Put some faces to your favorite Met Gala 2025 fits below. “Superfine: Tailoring Black Style” opens in Gallery 999 at the Met Fifth Avenue on May 10, 2025. Get the details on the exhibit here.
Christopher John Rogers
Ever since his New York Fashion Week debut in 2018 at the age of 23, Christopher John Rogers has been a vibrant force of color and form in fashion. His label has provided looks for stars of all magnitudes and disciplines, including Doechii, Charli XCX, Kerry Washington, Rihanna, Ayo Edebiri, and countless others. At the 2025 Met Gala, Rogers was the hand behind Cole Escola’s radiant custom retro daisy satin combo and Ego Nwodim’s ruffled peplum suit.
Burkindy
Originally from Burkina Faso, jewelry designer Burkindy imparts his West African roots into each piece of bent brass, silver, and gold he handles. This year, the Crown Heights-based designer (with a showroom on Franklin Avenue) supplied Questlove with some custom pieces to accompany Ferragamo shoes and the 30,000 freshwater pearls pin-striping the drummer’s suit on the red carpet.
Bernard James
Bernard James is another jewelry designer who managed to amplify, but not outshine, the 40 pounds of pearls on Questlove’s custom Gabriela Hearst suit.
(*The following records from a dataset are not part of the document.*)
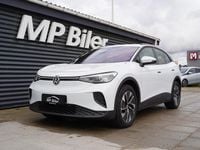 Billede 1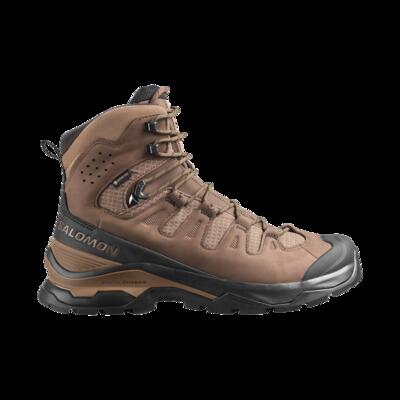 Schoenen backpacken mannen quest 5 gore tex
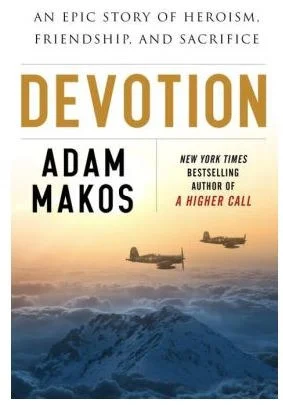 Devotion.webp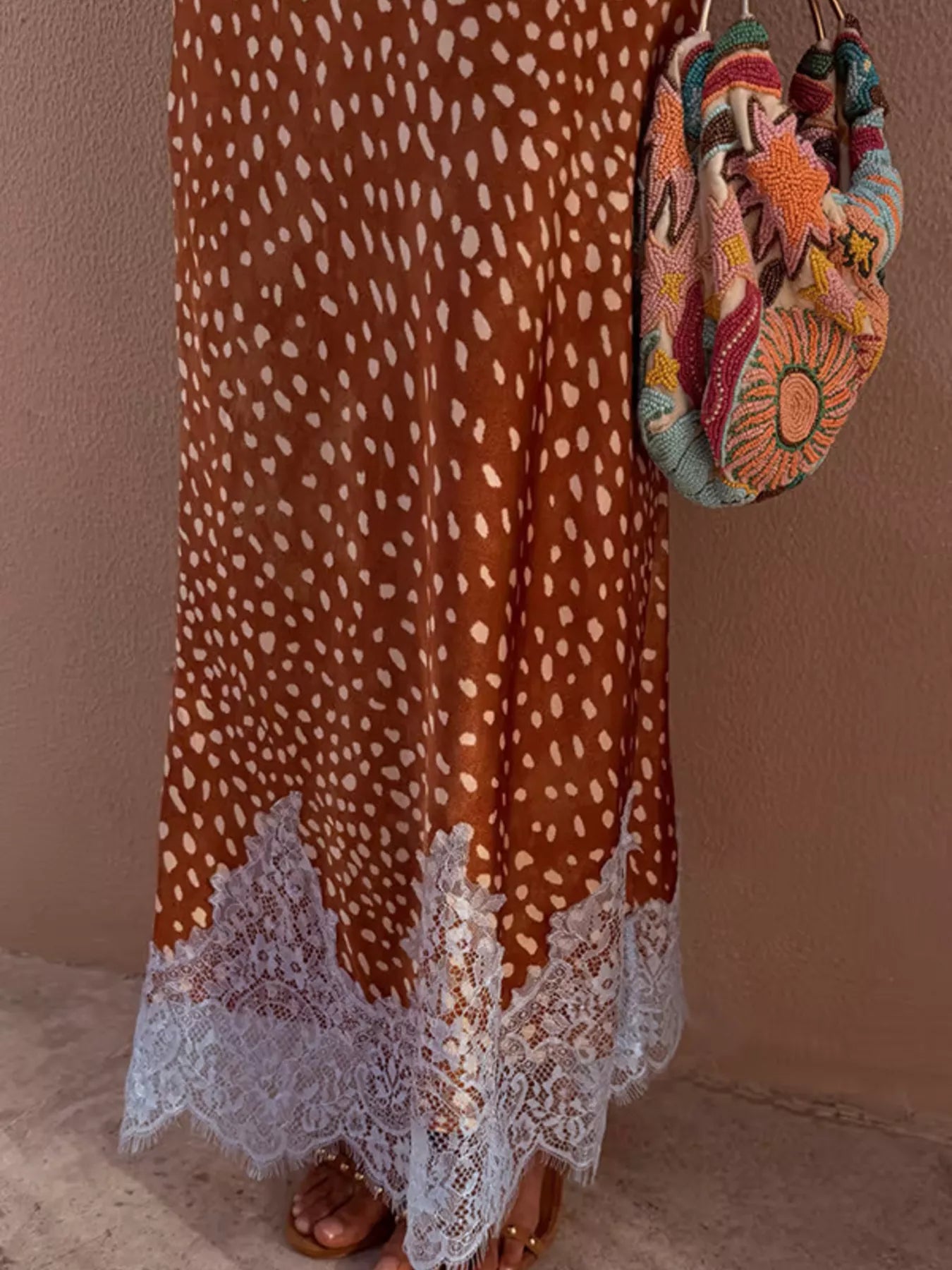 933d0b5c56454aa1aa2df64b2be2b82b-Max-Origin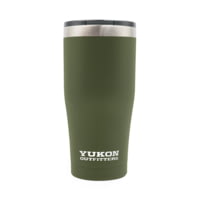 Yukon Outfitters Tumblers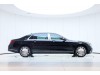 Mercedes-Benz S 450 4MATIC 2019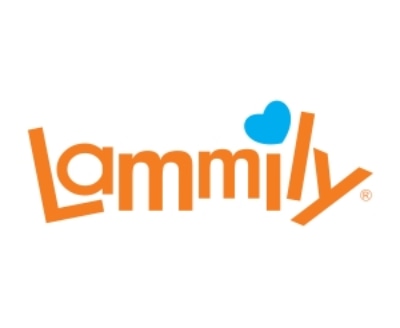 Shop Lammily logo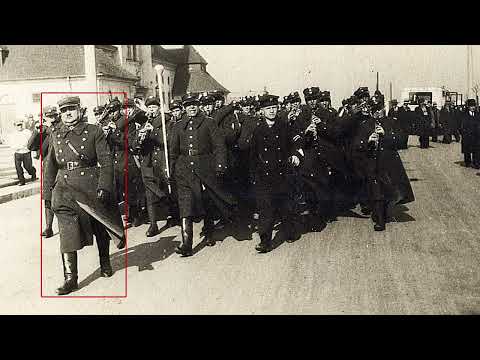 Life Under Communism: an interview on Poland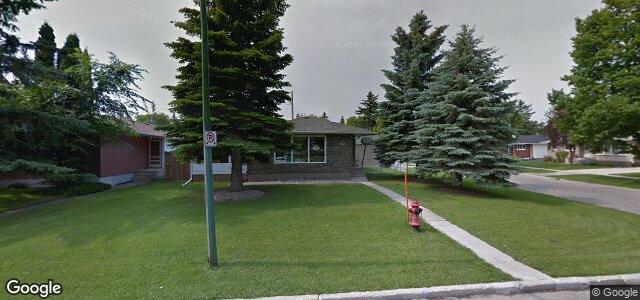 572 Bardal Bay（加拿大曼尼托巴省溫尼伯市）房屋照片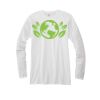 Adult Perfect-T Long-Sleeve T-Shirt Thumbnail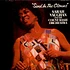 Sarah Vaughan & Count Basie Orchestra - Send In The Clowns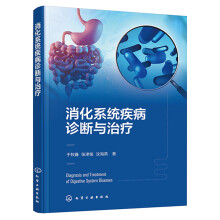 ����ϵ�y(t��ng)�����\���c�ί�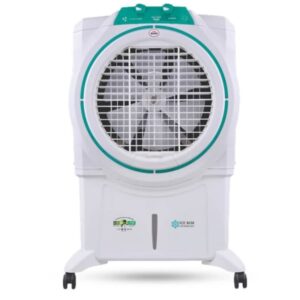 boss-air-cooler-ecm-8000-excel-ice-box
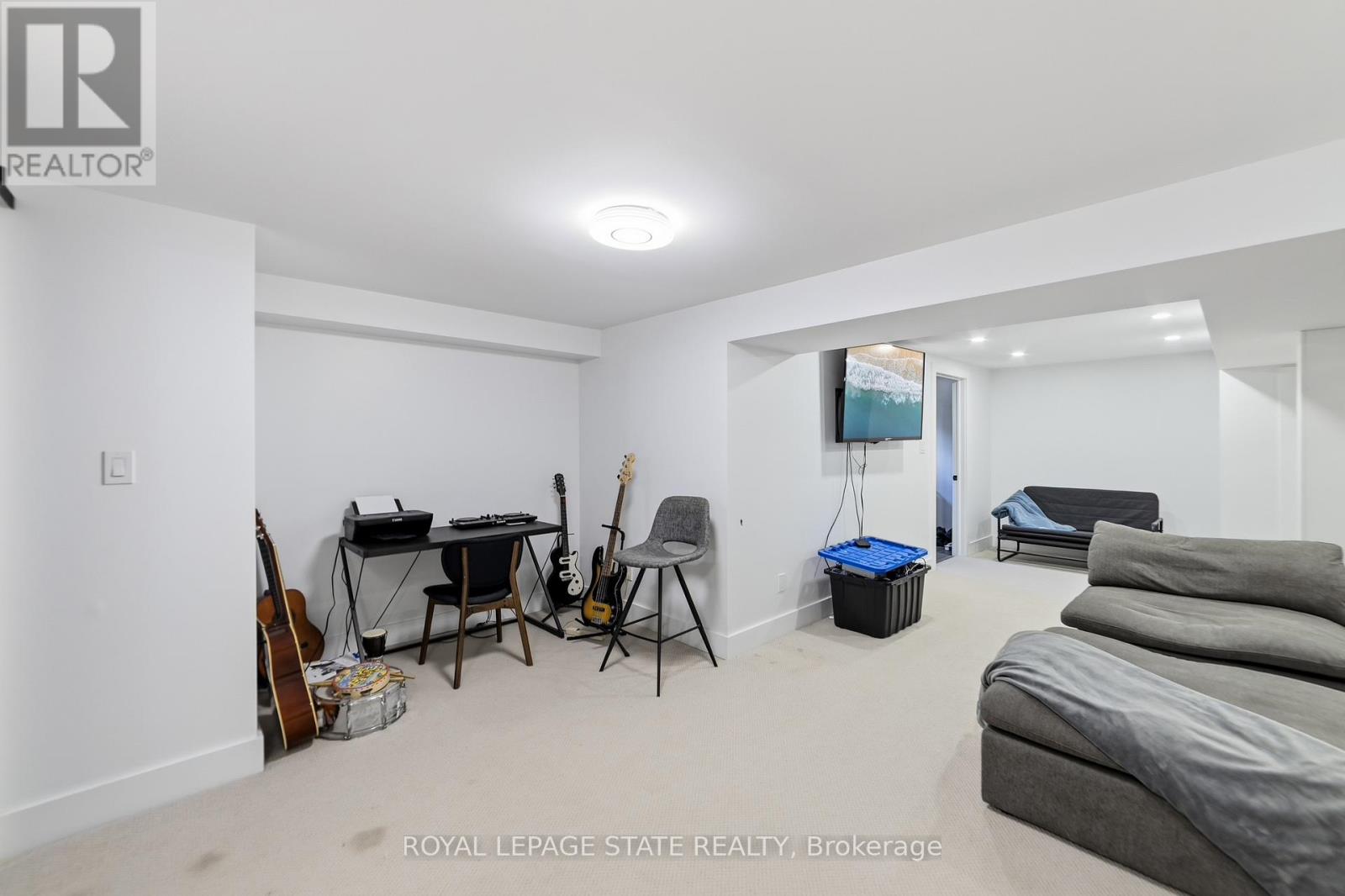 424 52 Highway S, Hamilton, Ontario  L0R 1R0 - Photo 32 - X13445524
Known for sleek and subtle silhouettes, the Greenpoint jeweler also provided some precious stones and metals for Lorde (wearing spectrum diamond hoops and a pair of rings as hair accessories), and model Anok Yai (who wore a custom necklace with 18k white gold and natural diamonds, three-tier diamond drop earrings, and a diamond bracelet inspired by a pocket watch).
Lionel Nichols
While his Mario and Lee label wasn’t tapped for any pieces in this year’s show, tailor and designer Lionel Nichols was nonetheless quite present at the 2025 Met Gala. The Brooklyn born, raised, and based designer worked with Balmain and Olivier Rousteing to tailor pieces for Jeremy O. Harris, Rosalia, Priyanka Chopra, and the legendary Diana Ross, who debuted at last night’s event a stunningly elegant 18-foot train Nichols worked on in 2024.
Jacques Agbobly
Knitwear pioneer and 2024 LVMH Prize semi-finalist Jacques Agbobly has yet to make their Met Gala debut. But Agbobly, who plays with color, fabric, and shape like few others (just glance the sweater they’re wearing above), will be featured in the Met Fifth Avenue’s accompanying exhibit for “Superfine: Tailoring Black Style.” The young designer who grew up in Togo studying local seamstresses and tailors, is now a Brooklyn resident, and they’ve contributed two suits—a brilliantly bright piece inspired by the bags they’d see worn in Togo and a denim ensemble studded with crystals and beads—to the exhibit, which opens its doors on May 10.
Tanda Francis
Though she didn’t design any pieces for the red carpet, artist Tanda Francis did walk it last night. Francis, whose monumentally large and affecting sculptures have been displayed all over the city, provided The Met with a pair of bespoke mannequin heads that will be featured at the Fifth Avenue exhibit. According to a press release, one of the heads contains a plurality of profiles and is inspired by the fictional Congolese revolutionary André Grenard Matswa.